In 2018, Pauline Brunet, during her Master thesis, has worked on developing the infrastructure (scripts and formats) for the integration of the features, and the use of these features for computing correlations with fMRI data. A first set of features has been identified and collected from the novel and from its processing by ALMAnaCH tools (namely FRMG as an instance of a symbolic TAG-based parser and Dyalog-SR, as an instance of an hybrid feature-based neural-based dependency parser). A first dataset of fMRI scan was received to assess the infrastructure and get some preliminary results.

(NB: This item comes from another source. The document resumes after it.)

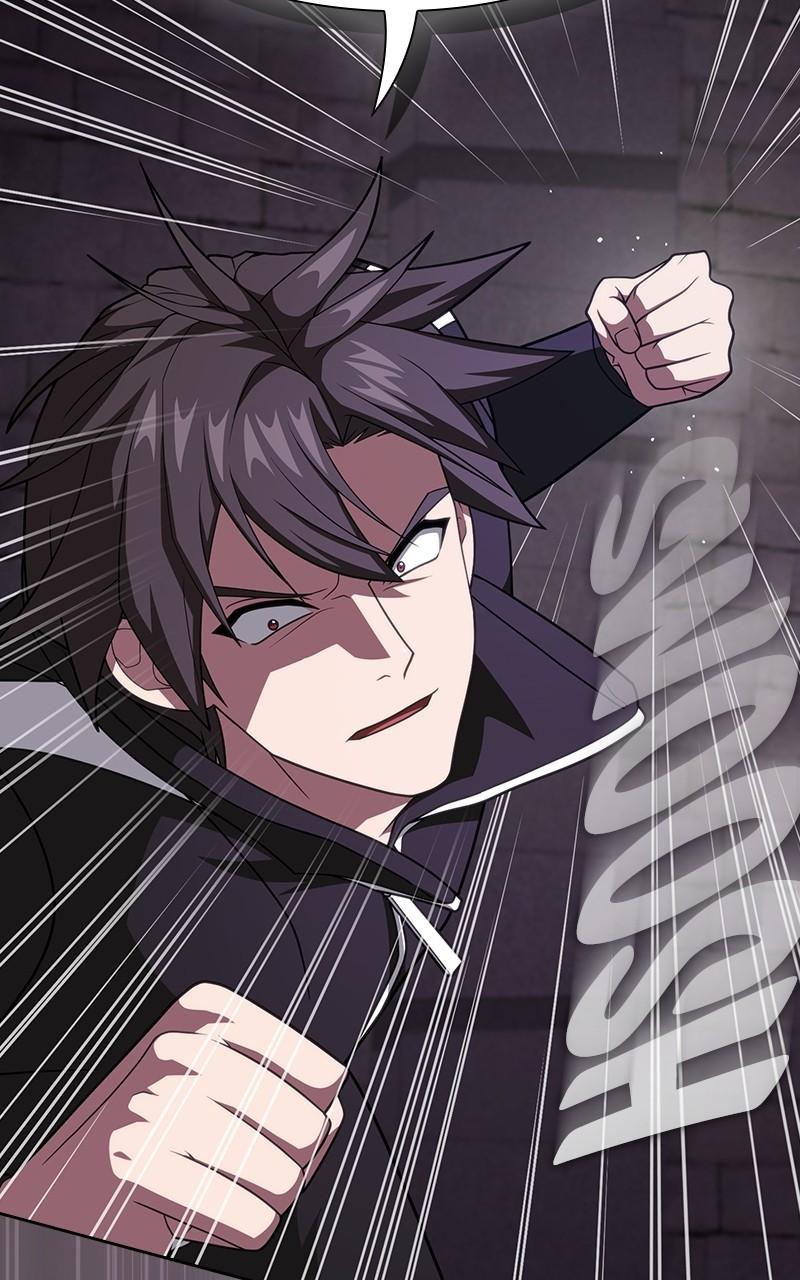 The Tutorial Tower of the Advanced Player Chap 214 - Next Chap 215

The work is now being continued with the arrival as a post-doc of Murielle Fabre (November 2018). With the expected arrival of the second half of the scans, she will explore more features, use her expertise to interpret the correlations, and guide the choice of new features to be tested. Since her arrival, she has in particular focused on Multi-Word Expressions (MWEs), in particular to be comparable with results published on the English side of the project. We have also identified several kinds of parsing architectures to test, in relation with various complexity parameters: (1) LSTM (two layers), (2) RNNG (with a partile filter), (3) Dyalog-SR et (4) FRMG (TAG).
In order to be in phase (and comparable) with our US partners, we have started to assemble two French corpora: - a small corpus for domain adaptation to children’s books: it will permit the fine tuning of the different parsers to a great amount of dialogues an Q&A present in Le Petit Prince. - a large corpus of Contemporary French oral transcriptions and texts to calculate lexical association measures (AM) like PMI (Point-wise Mutual information) or Dice scores on the MWEs found in Le Petit Prince. This corpus of approx. 600 millions words represents a balanced counterpart to the American COCA corpus. (https://corpus.byu.edu/coca/)
Both Éric de La Clergerie and Murielle Fabre attended the annual meeting of the CRCNS network (Berkeley, June 2018).